Ray Toole

Personal information
- Full name: Raymond Lawrence Toole
- Born: 30 October 1997 (age 28) Johannesburg, South Africa
- Nickname: Razor
- Batting: Left-handed
- Bowling: Left-arm medium
- Role: Bowler

Domestic team information
- 2019/20–: Central Districts
- 2022: Essex
- 2023: Durham (squad no. 30)
- 2026: Glamorgan
- FC debut: 30 October 2019 Central Districts v Northern Districts
- LA debut: 17 November 2019 Central Districts v Canterbury

Career statistics
| Competition | FC | LA | T20 |
| Matches | 51 | 50 | 10 |
| Runs scored | 164 | 42 | 0 |
| Batting average | 5.46 | 3.50 | — |
| 100s/50s | 0/0 | 0/0 | 0/0 |
| Top score | 17* | 14 | 0* |
| Balls bowled | 8,914 | 2,181 | 192 |
| Wickets | 161 | 60 | 12 |
| Bowling average | 27.28 | 31.43 | 29.16 |
| 5 wickets in innings | 5 | 1 | 0 |
| 10 wickets in match | 0 | 0 | 0 |
| Best bowling | 7/57 | 5/72 | 3/23 |
| Catches/stumpings | 11/– | 5/– | 3/– |
- Source: Cricinfo, 27 September 2026

= Raymond Toole =

New Zealand cricketer (born 1997)

Raymond Lawrence Toole (born 30 October 1997) is a New Zealand cricketer, who is a left-arm medium bowler. He plays for Central Districts in domestic cricket.
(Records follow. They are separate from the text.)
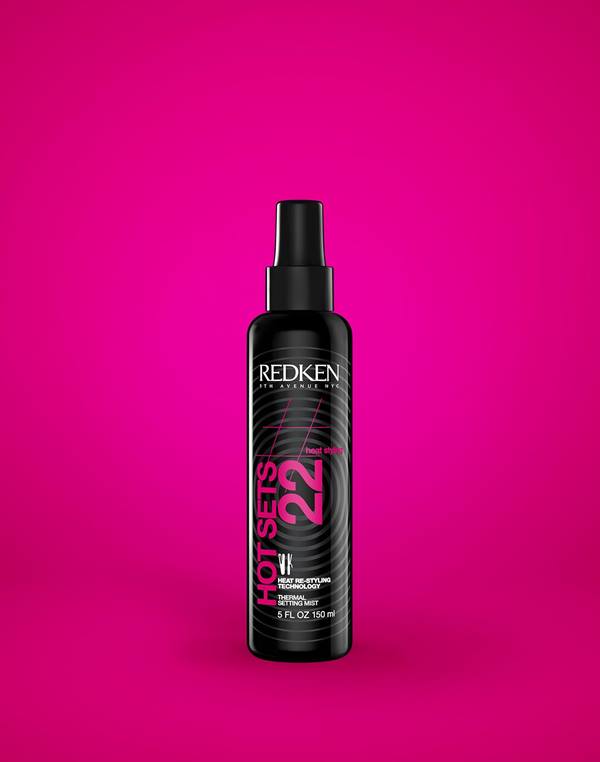 884486080660hotsets22.jpg REDKEN HOT SETS 22: THERMAL SETTING MIST 150ml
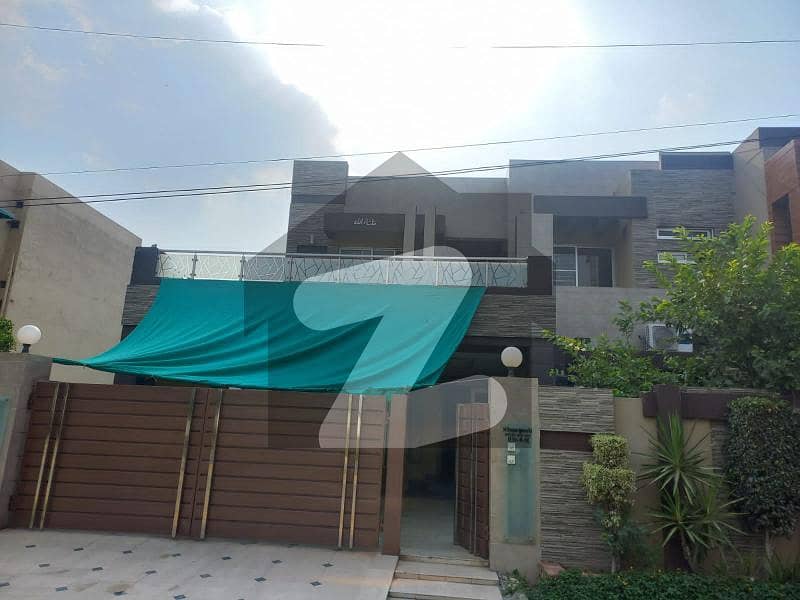 1 Kanal Upper Portion For rent In Valencia Housing Society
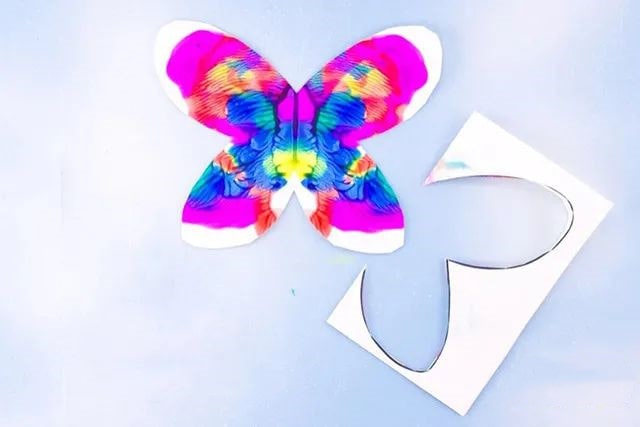 卡纸手工制作漂亮的蝴蝶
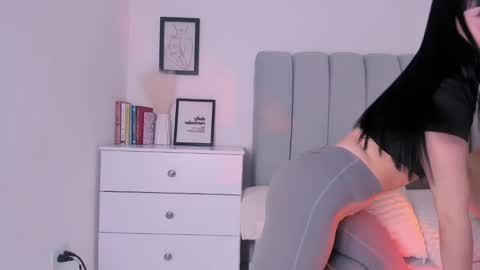 Snapshot of dannahyde chatting on 02-03-25, 11:15 Insta DannaBlueX online show from 02-03-25, 11:15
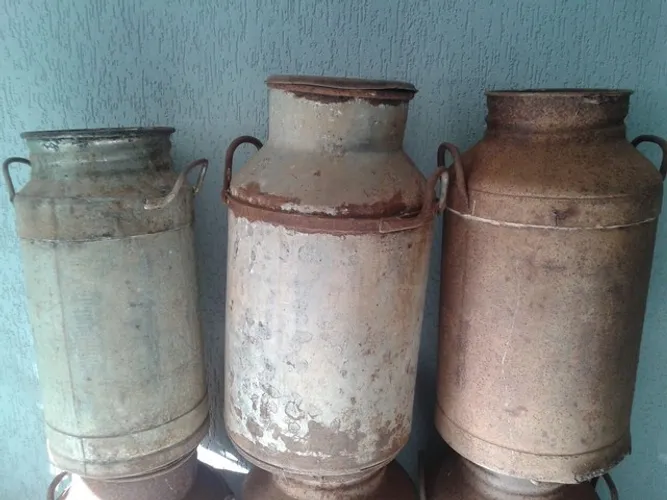 Tambor antigo de leite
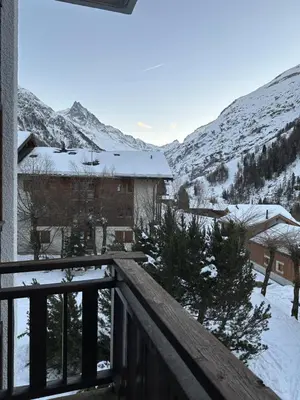Ein allgemeiner Bergblick oder ein Berglick von der Ferienwohnung aus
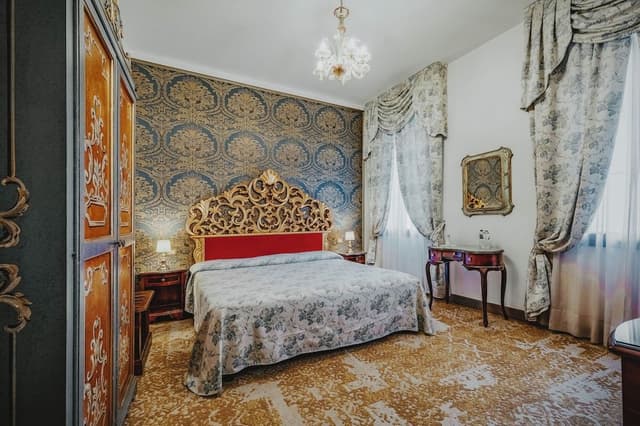 Room (King Deluxe)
He made his first-class debut on 30 October 2019, for Central Districts in the 2019–20 Plunket Shield season. He made his List A debut on 17 November 2019, for Central Districts in the 2019–20 Ford Trophy.

He made his Twenty20 debut for Central Districts, on 27 December 2022, against Wellington in the 2022–23 Men's Super Smash. On 4 April 2023, he took his best bowling figures of 7 for 57 against Auckland, helping his team to win the match by 188 runs and clinch their 12th Plunket Shield title.